▶ _YOUR OBJECTIVE_
Your task is to restate the listing word for word without the pictures.

▶ _SUPPLIED DATA_
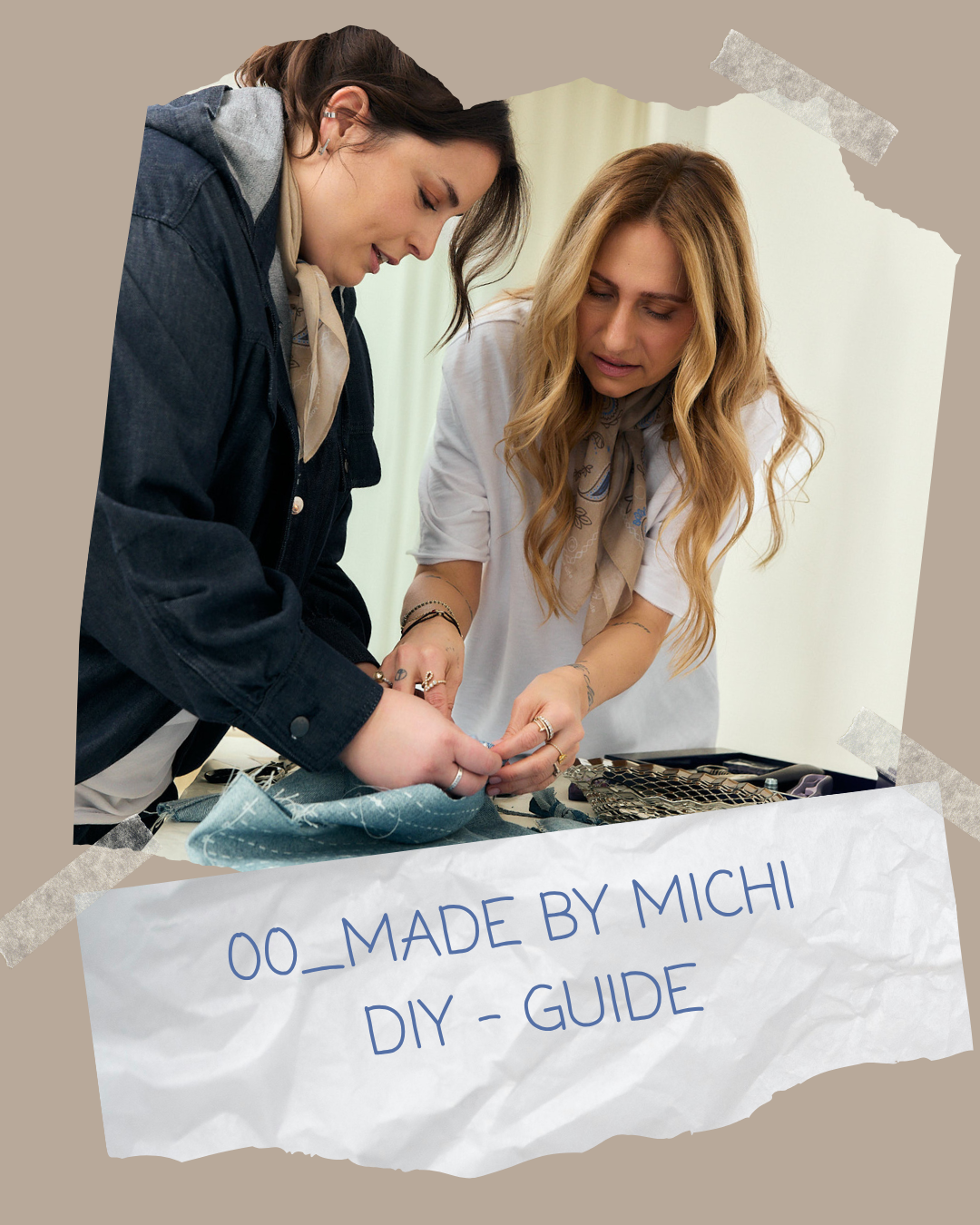 Zwei Frauen arbeiten gemeinsam an blauem Denim-Stoff; darunter steht der Text ‚00_MADE BY MICHI DIY - GUIDE‘.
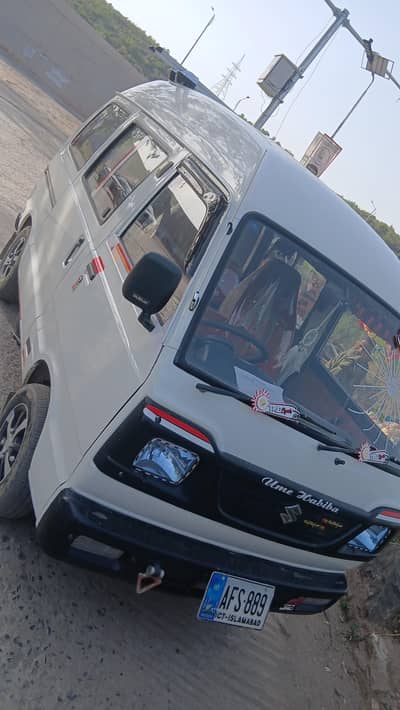 totally jenon Very good condition and new car Sel bay 0sel no teaching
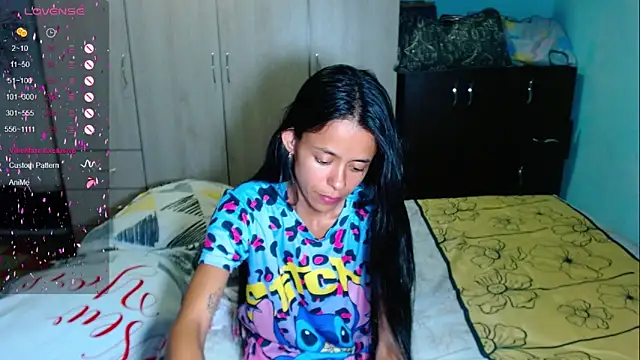 Mia sexy18  online show from 04-14-26, 01:44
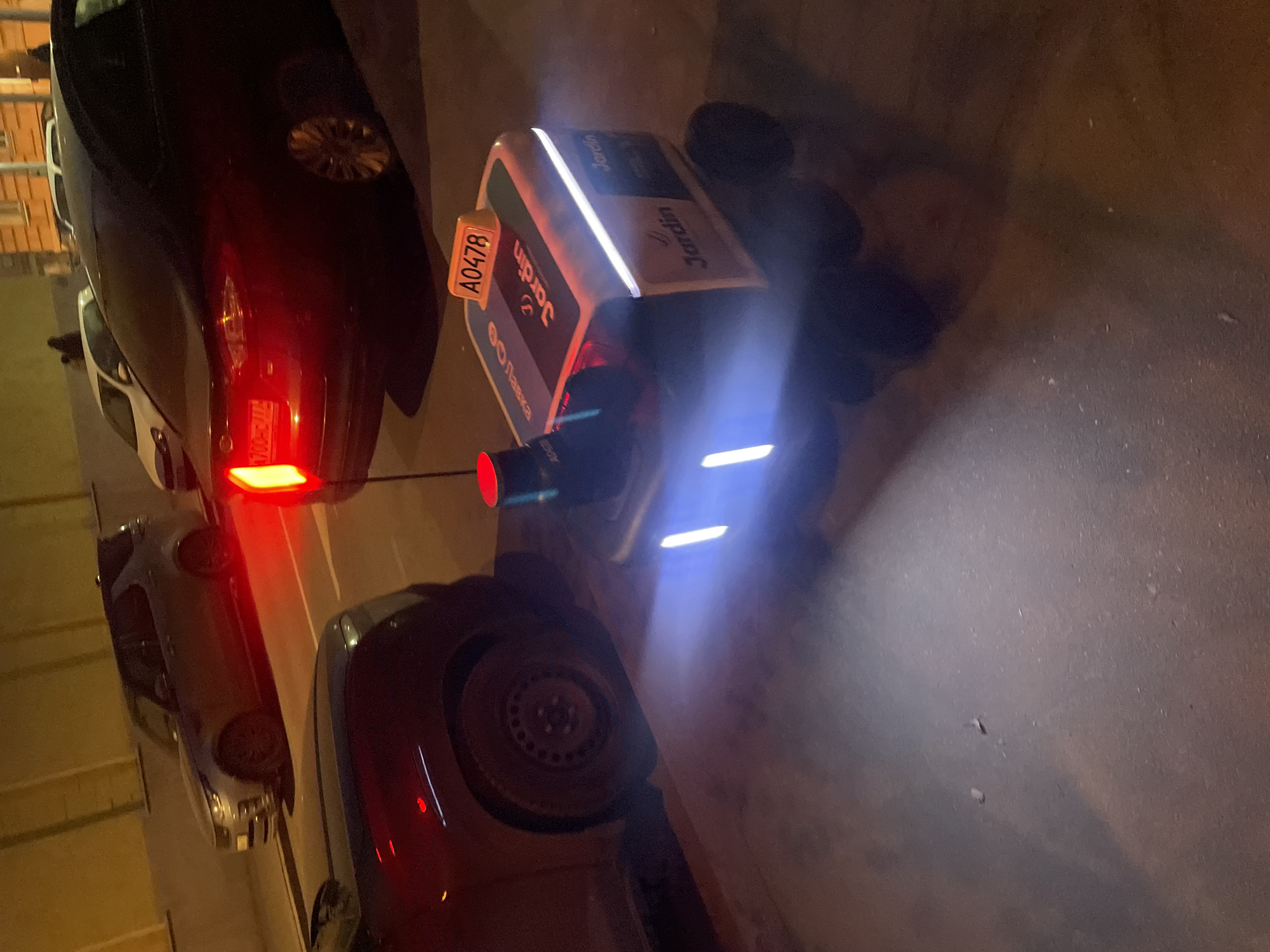 Delivery robot spotted on Moscow street during evening hours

▶ _YOUR RESPONSE_
 Zwei Frauen arbeiten gemeinsam an blauem Denim-Stoff; darunter steht der Text ‚00_MADE BY MICHI DIY - GUIDE‘.
 totally jenon Very good condition and new car Sel bay 0sel no teaching
 Mia sexy18  online show from 04-14-26, 01:44
 Delivery robot spotted on Moscow street during evening hours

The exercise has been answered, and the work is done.